Well, they’re vertical lines. Or horizontal lines. Whatever’s perpendicular to how you started. They start at the quartile lines. Should they go to the maximum or minimum data points?

Maybe. Maximum and minimum data are neat, yes. But they’re also suspect. They’re extremes. They’re not quite reliable. If you went back to the same source of data, and collected it again, you’d get about the same median, and the same first and third quartile. You’d get different minimums and maximums, though. Often crazily different. Still, if you want to understand the data you did get, it’s hard to ignore that this is the data you have. So one choice for representing these is to just use the maximum and minimum points. Draw the whiskers out to the maximum and minimum, and then add a little cross bar or a circle at the end. This makes clear you meant the line to end there, rather than that your ink ran out. (Making a figure safe against misprinting is one of the understated essentials of good visualization.)
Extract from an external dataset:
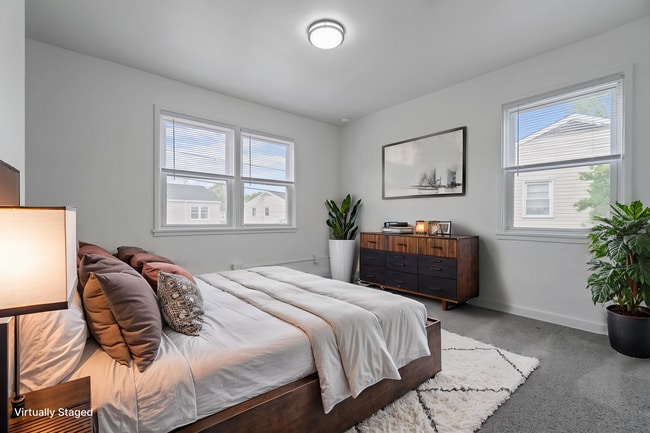 Building Photo - 2 bedrooms and 1 bathroom Townhouse in Mid...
But again, the very highest and lowest data may be flukes. So we could look at other, more stable endpoints for the whiskers. The point of this is to show the range of what we believe most data points are. There are different ways to do this. There’s not one that’s always right. It’s important, when showing a box-and-whisker plot, to explain how far out the whiskers go.
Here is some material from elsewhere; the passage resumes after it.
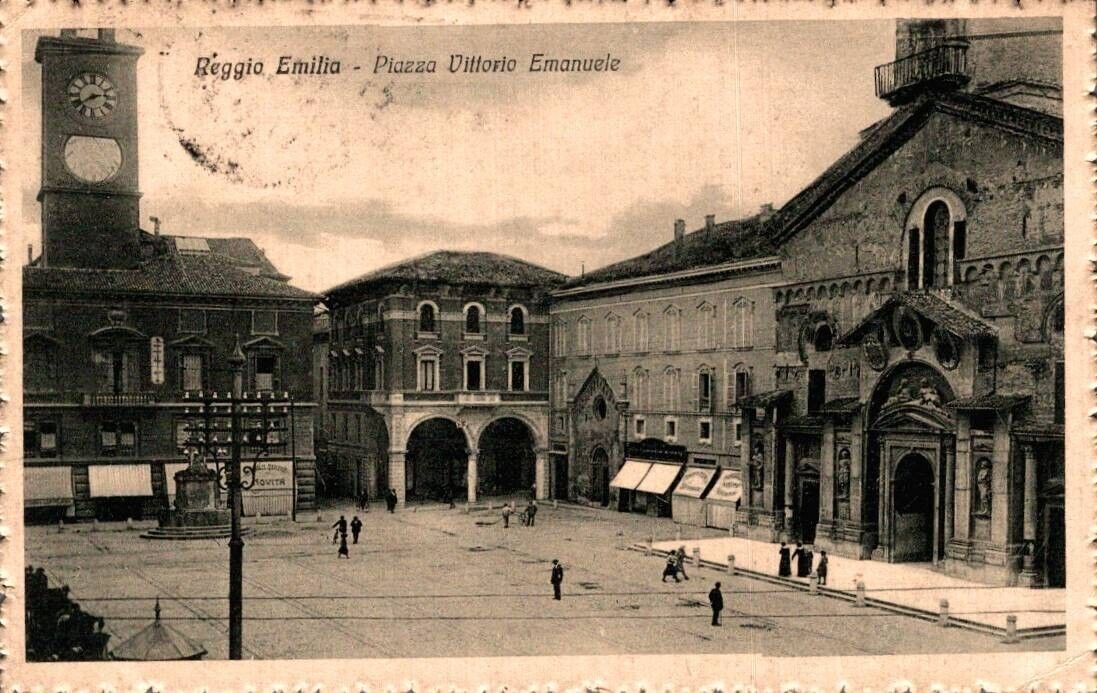 Foto 1 di 2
Tukey’s original idea, for example, was to extend the whiskers based on the interquartile range. This is the difference between the third quartile and the first quartile. Like, just subtraction. Find a number that’s one-and-a-half times the interquartile range above the third quartile. The upper whisker goes to the data point that’s closest to that boundary without going over. This might well be the maximum already. The other number is the one that’s the first quartile minus one-and-a-halt times the interquartile range. The lower whisker goes to the data point that’s closest to that boundary without falling underneath it. And this might be the minimum. It depends how the data’s distributed. The upper whisker and the lower whisker aren’t guaranteed to be the same lengths. If there are data outside these whisker ranges, mark them with dots or x’s or something else easy to spot. There’ll typically be only a few of these.

But you can use other rules too. Again as long as you are clear about what they represent. The whiskers might go out, for example, to particular percentiles. Or might reach out a certain number of standard deviations from the mean.
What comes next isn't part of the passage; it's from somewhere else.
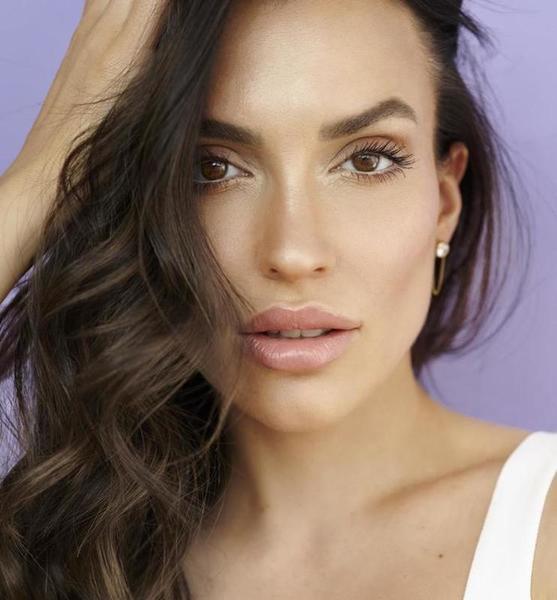 Ariana C. – Schauspiel Sedcard-Foto 3 bei JustInCast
The point of doing this box-and-whisker plot is to show where half the data are. That’s inside the box. And where the rest of the non-fluke data is. That’s the whiskers. And the flukes, those are the odd little dots left outside the whiskers. And it doesn’t take any deep calculations. You need to sort the data in ascending order. You need to count how many data points there are, to find the median and the first and third quartiles. (You might have to do addition and division. If you have, for example, twelve distinct data points, then the median is the arithmetic mean of the sixth and seventh values. The first quartile is the arithmetic mean of the third and fourth values. The third quartile is the arithmetic mean of the ninth and tenth values.) You (might) need to subtract, to find the interquartile range. And multiply that by one and a half, and add or subtract that from the quartiles.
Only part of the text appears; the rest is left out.